Bush tortured; Obama kills

"Targeted killing, now the hallmark of the Barack Obama administration’s war on terrorism, has its roots in rejection of the legal justifications once offered for waterboarding prisoners" under Obama's predecessor George W. Bush, writes Harvard Law School Prof. Noah Feldman in this article posted by Bloomberg LP.

"In the Bush years, after the CIA and other agencies balked at the interrogation techniques being urged by Vice President Dick Cheney, the White House asked the Department of Justice to explain why the most aggressive questioning tactics were legal.

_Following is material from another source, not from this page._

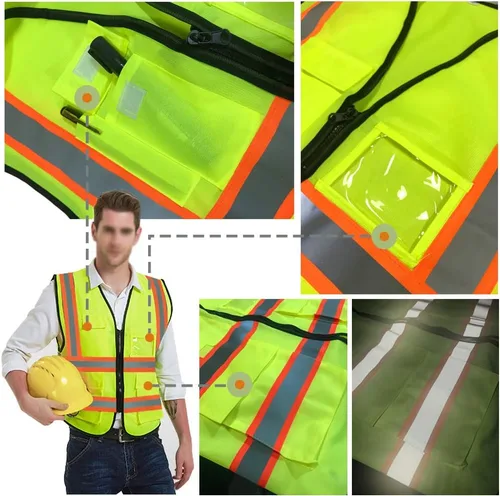 Vista 6 de Personalizar su texto/logotipo/imagen chaleco de seguridad de alta visibilidad ropa de trabajo de protección con tiras reflectantes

"Lawyers at the Office of Legal Counsel -- especially John Yoo, now a professor at the University of California at Berkeley -- produced secret memos arguing that waterboarding wasn’t torture... (and that) the president had the inherent constitutional authority to do whatever was needed to protect the country...

"A firestorm of legal criticism followed. One of the most astute and outraged critics was Marty Lederman, who had served in the Office of Legal Counsel under President Bill Clinton. With David Barron, a colleague of mine at Harvard, Lederman went on to write two academic articles attacking the Bush administration’s theories of expansive presidential power.

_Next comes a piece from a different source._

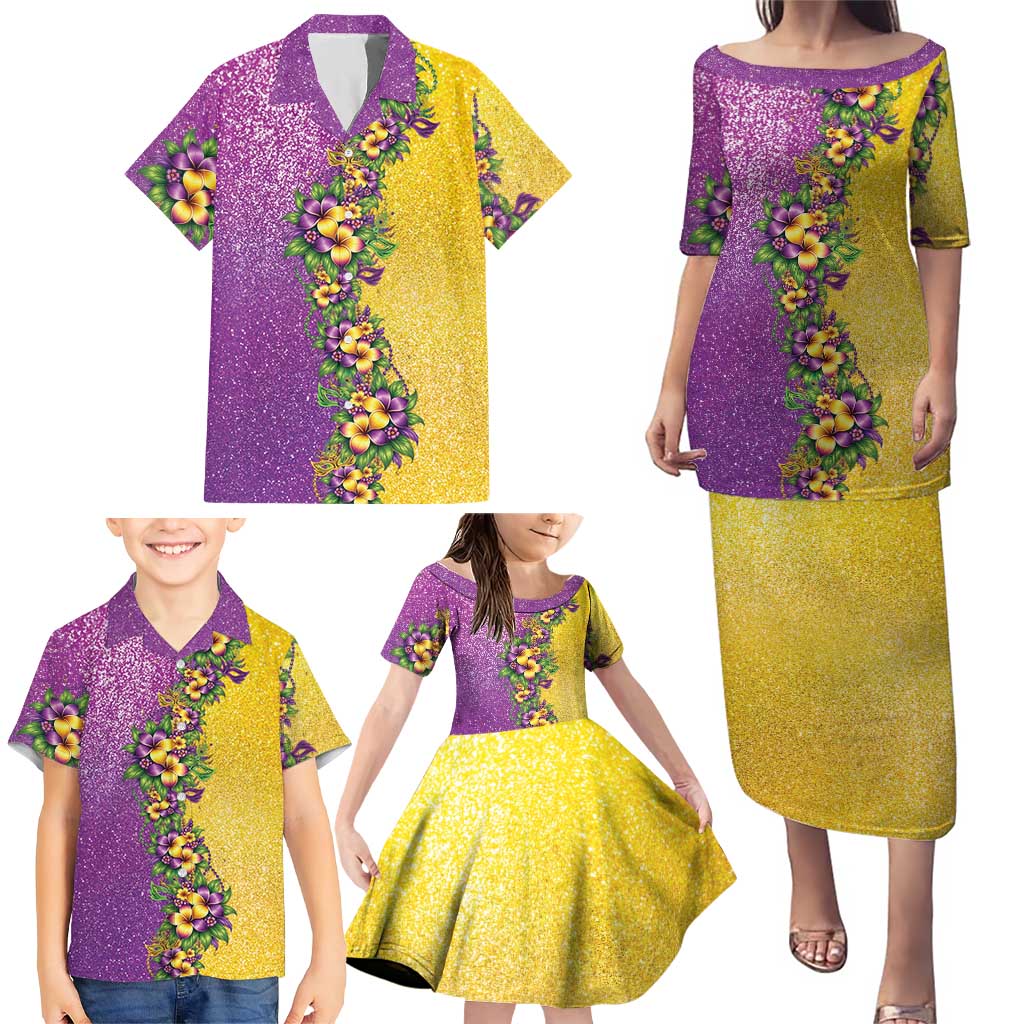Hawaii Mardi Gras Family Matching Puletasi and Hawaiian Shirt Plumeria Lei Beads Glitter Style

"Eventually, Jack Goldsmith, who led the Office of Legal Counsel in 2003-04... retracted the most extreme of Yoo’s arguments about the president’s inherent power.

"In the years leading to the 2008 elections... the Supreme Court weighed in, finding that detainees were entitled to hearings and better tribunals than were being offered. As a candidate, Obama (promised) to close the prison at Guantanamo Bay...

"Guantanamo is still open... Instead of detaining new terror suspects there, however, Obama vastly expanded the tactic of targeting them, with eight times more drone strikes in his first year than in all of Bush’s time in office. Barron and Lederman, the erstwhile Bush critics, were appointed to senior positions in the Office of Legal Counsel -- where they wrote the recent memo authorizing the Al-Awlaki killing" of an American citizen, Al-Qaeda propagandist, and alleged terrorist leader, in Yemen.

"What explains these startling developments? If it’s illegal and wrong to capture suspected terrorists and detain them indefinitely without a hearing, how exactly did the Obama administration decide it was desirable and lawful to target and kill them?

"The politics were straightforward. Obama’s team observed that holding terror suspects exposed the Bush administration to harsh criticism (including their own). They wanted to avoid adding detainees at Guantanamo or elsewhere... 

"Dead terrorists tell no tales -- and they also have no lawyers shouting about their human rights...

"The future direction of the policy is therefore clear: Killing is safer, easier and legally superior to catching and detaining... Legal memos are weapons of combat -- no matter who is writing them."